10 września 2000 – 7. kolejka II ligi
Górnik Polkowice – Ryan Odra 3:1 (Ujek 18,59, Urbaniak 90 – Czajkowski 22)
Sędzia: Mirosław Jankowski (Gorzów Wielkopolski)
Ryszard Niedziela: - W piątek, 8 września, umówiliśmy się z "Fryzjerem" w restauracji pod Gorzowem Wielkopolskim. Tam zjedliśmy kolację, po czym pojechaliśmy do Gorzowa na spotkanie zarbitrem. Spotkaliśmy się z nim w kawiarni. Tam dałem mu 15 tysięcy złotych. Przegraliśmy, więc po meczu spotkaliśmy się na stacji paliw pod Polkowicami. Oddał mi trzy koperty: w jednej były dwa tysiące, w drugiej - trzy, w trzeciej - dziesięć tysięcy.
***
Choć Odra była mistrzem jesieni, to w Polkowicach (10 września 2000 roku) musiała uznać wyższość Górnika. I na nic się zdały pozaboiskowe zabiegi. Prezes wtedy wiedział, że Ryszard F. trzyma parasol nad kilkoma klubami. Jednym z nich był Górnik. Zapewne dlatego działania „Fryzjera” przed jesiennym spotkaniem w Polkowicach były wyjątkowo niespójne.
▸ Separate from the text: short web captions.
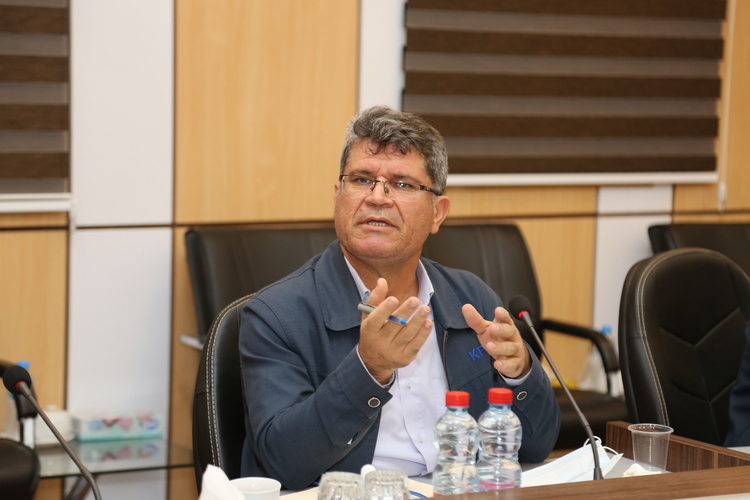 نشست کرونا  15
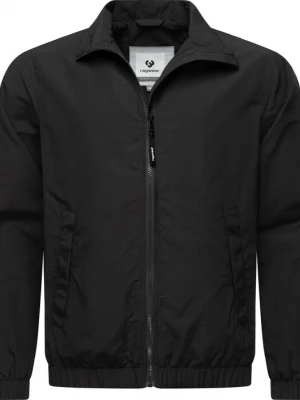 Obrázek produktu Ragwear Přechodná bunda 'Holdeon' černá
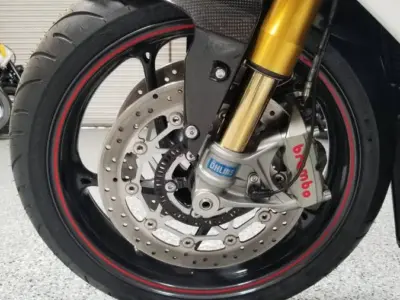 2016 Triumph Daytona 675R
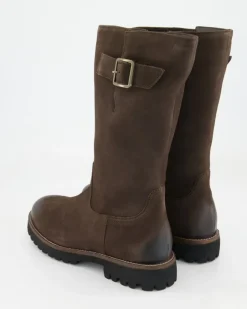 Elmiana-701-WF Winterstiefel in Braun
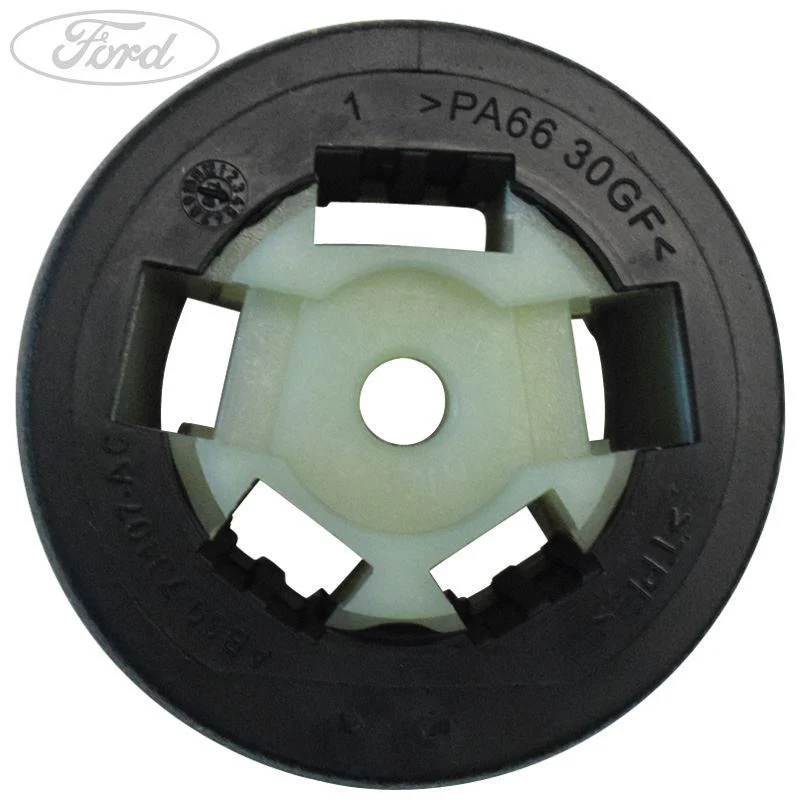 RANGER 5-SPEED MANUAL MOULDED GEAR KNOB HANDLE 11-15 - Image 3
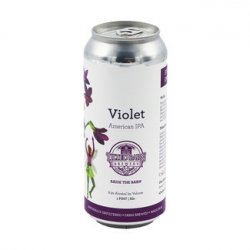 Tilted Barn Brewery - Violet (The Original Farm Girl) - Bierloods22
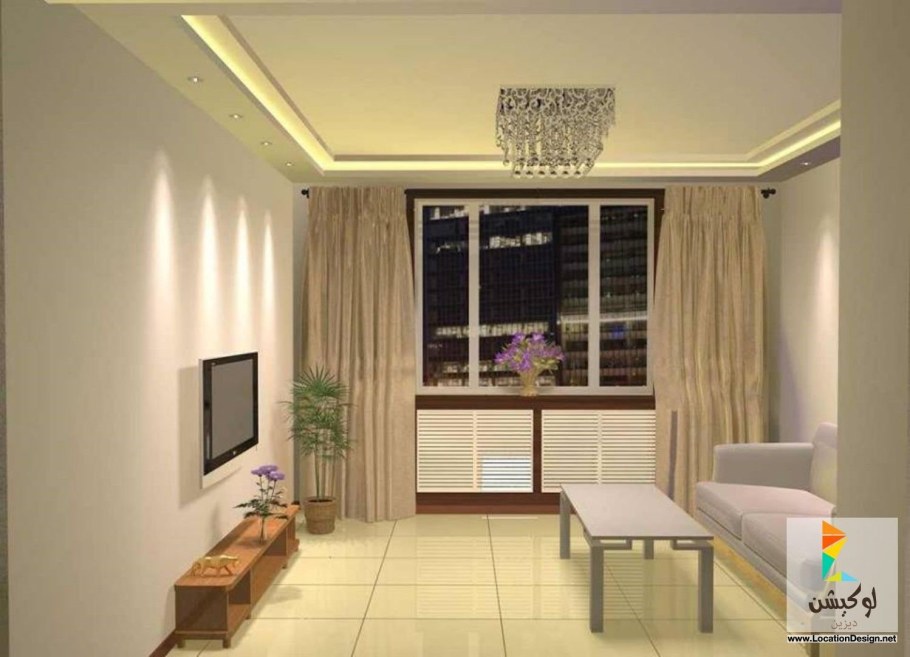 Дизайн маленькой квартиры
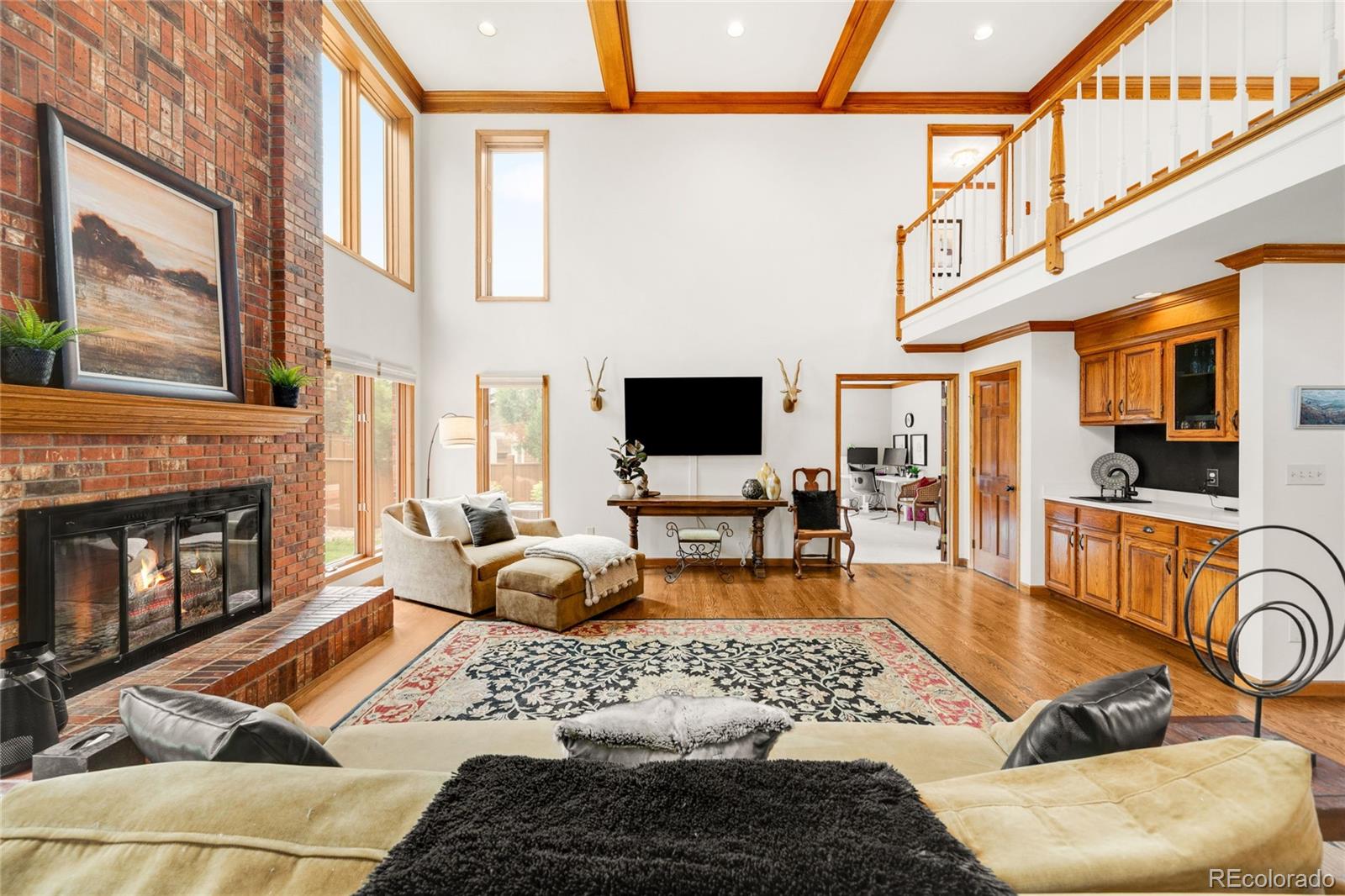 5754 S Kittredge Street Centennial CO 80015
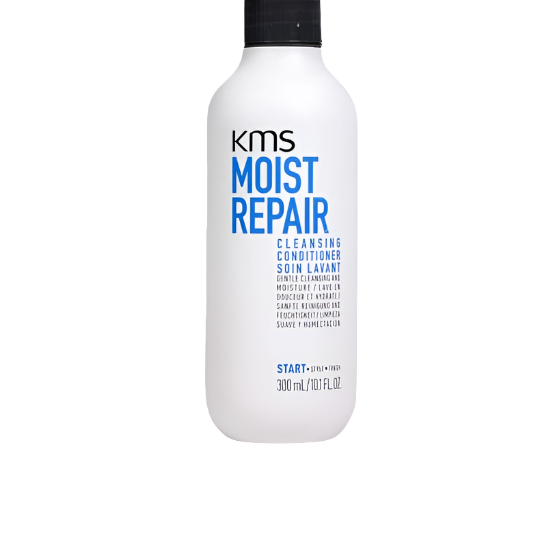 Moist Repair Cleansing Conditioner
- Mam zobowiązania, może być ciężko coś załatwić – powtarzał F. przez telefon.
Mimo to w piątek, 8 września, umówili się pod Gorzowem Wielkopolskim (…)
- Mówił pan o jakichś problemach, ale rozumiem, że wszystko da się ułożyć. Na taki mecz nie będziemy skąpić – zagadnął prezes.
- Nie chodzi o kasę. Pod takie mecze są podchody z kilku stron. Dlatego może być ciężko, ale spróbujemy coś załatwić (…).
„Fryzjer” ostrzegał, że będzie ciężko, i było ciężko. Sędzia nie pomagał, uznał bramkę, przy której boczny sygnalizował pozycję spaloną zawodnika z Polkowic. Prezes kilka razy dzwonił do „Fryzjera”.
- Nie wiem, co się dzieje. Przecież układaliśmy. Może sędzia miał jakieś większe zobowiązania? – tłumaczył F.
- Nie mogłem nic załatwić.
R. Stęporowski, R. Niedziela, Mafia fryzjera, Opole 2007.